Is it worth it to pursue an emotional distress personal injury suit?


Many question whether it is worth it to pursue an emotional distress suit against another person in a car accident. Although it can be a tough case to win, if you have been severely injured and those injuries affect your quality of life, then it might make sense. Only an attorney specializing in emotional distress and car accident injuries can guide you.
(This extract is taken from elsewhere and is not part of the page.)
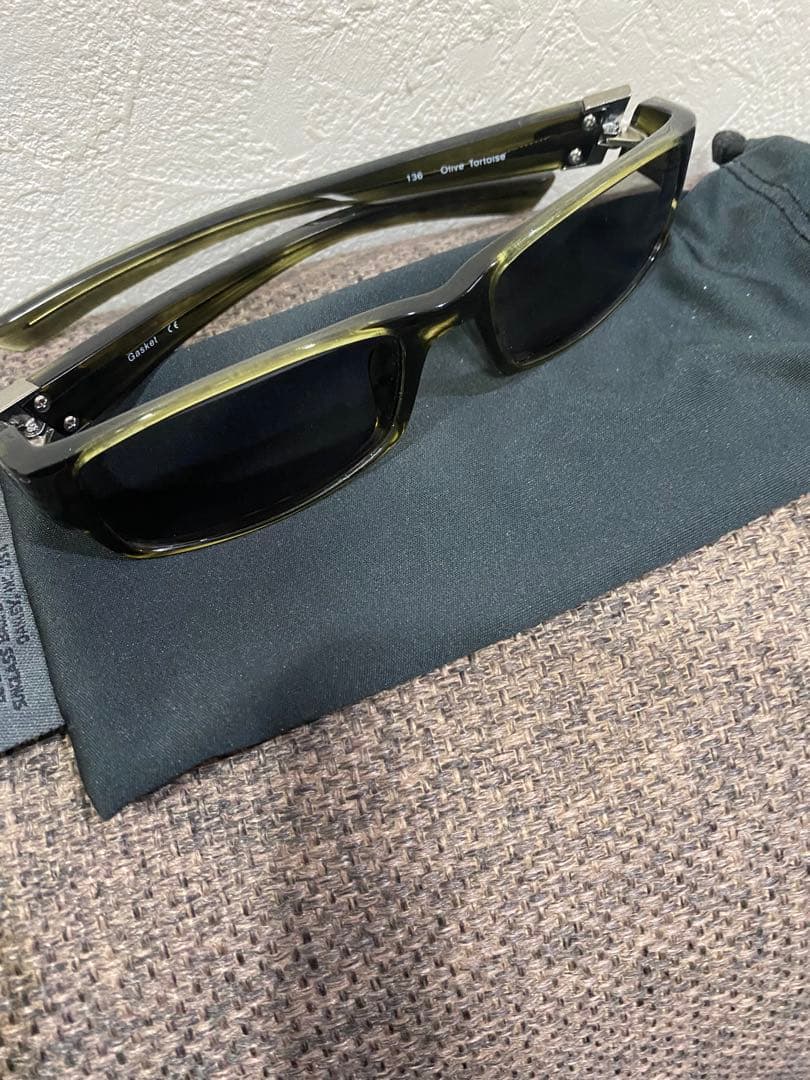 Oakley サングラス オリーブトータス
There are often times when accident lawyers Houston, will settle out of court to avoid the case going to trial, but this should be determined on a case-by-case basis.


If you are going to sue for emotional distress, make sure that you take the right steps by contacting a personal injury lawyer who specializes in auto accidents as well as emotional distress. They will be able to help you through the process and make sure that you have the proper documentation in place to prove your case.